In the subways, the law is a ass

Call it recycled money, courtesy of System D. John Jones roams the subways collecting discarded Metrocards. The truth about these cards? Not all of them are maxed out. Indeed, many of them have some small amount left on them. Jones estimates that he's salvaged $20,000 in unused fares over the past couple of years. He sells restored $5 fare cards for $4. And that's nothing: unused lost and expired cards amount to as much as $52 million in a year--meaning that lots of competitors could join Jones's business--if they had the desire and fortitude. (The Metropolitan Transportation Authority contributes to that massive amount because many turnstiles only declare "insufficient fare" when you don't have enough money on your card--without telling you that there's actually still some money on your card.

But, instead of saluting a savvy businessman who's come up with a cool discount, the MTA is unhappy with Jones.
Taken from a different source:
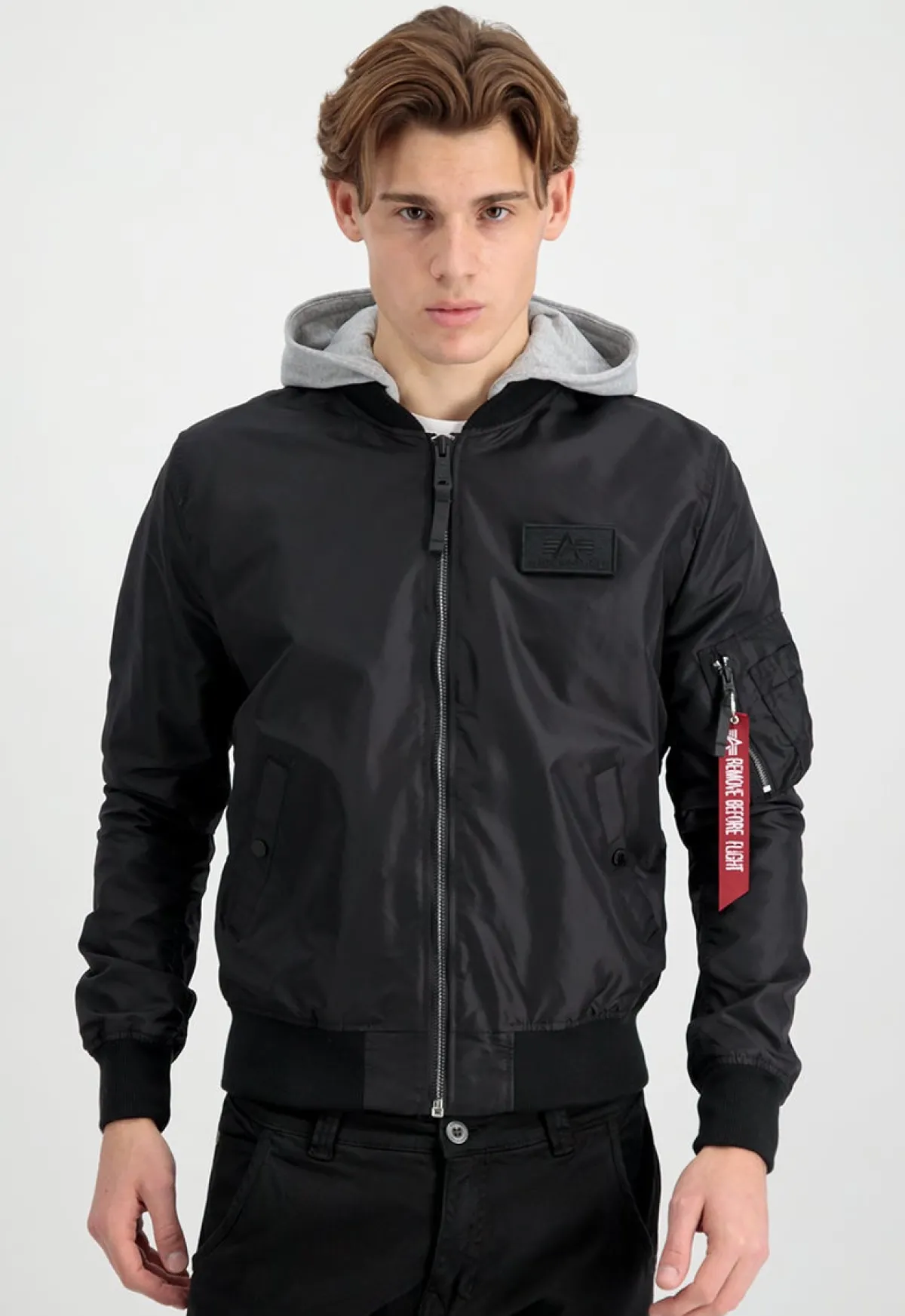 Hot MA-1 TT Back print - Pilottitakki hupulla Urban Wear Katukamaa|Takit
Indeed, transit cops have arrested him for "unlawful solicitation and illegal access to transit services," the New York Post reports. His crime: not that he's recovering the unused fares, but that he's combining them on new metrocards and reselling them.

The publicity has garnered Jones some unlikely supporters. The Atlantic Magazine's cities blog compared him to Steve Jobs. Benjamin Kabak, of the blog 2nd ave. sagas, who held back from endorsing Jones's resale discount, declared, "I know plenty of people who are aggressive in their pursuits of discarded fare cards." And then there's the brilliant charity called metrochange--which suggests that we all should emulate Jones, and that there should be kiosks in every subway station where people can donate the amounts that remain on their otherwise dead metrocards. And leave it to The Wall Street Journal to offer something that could help Jones better target his scavenging business: a map that shows where the most people buy 'pay per fare' cards--which will often have leftover balances on them--versus where people buy weekly or monthly cards--which are generally not discarded until they are fully used up.

[I owe several free swipes to Zach, who pointed me in the direction of this story]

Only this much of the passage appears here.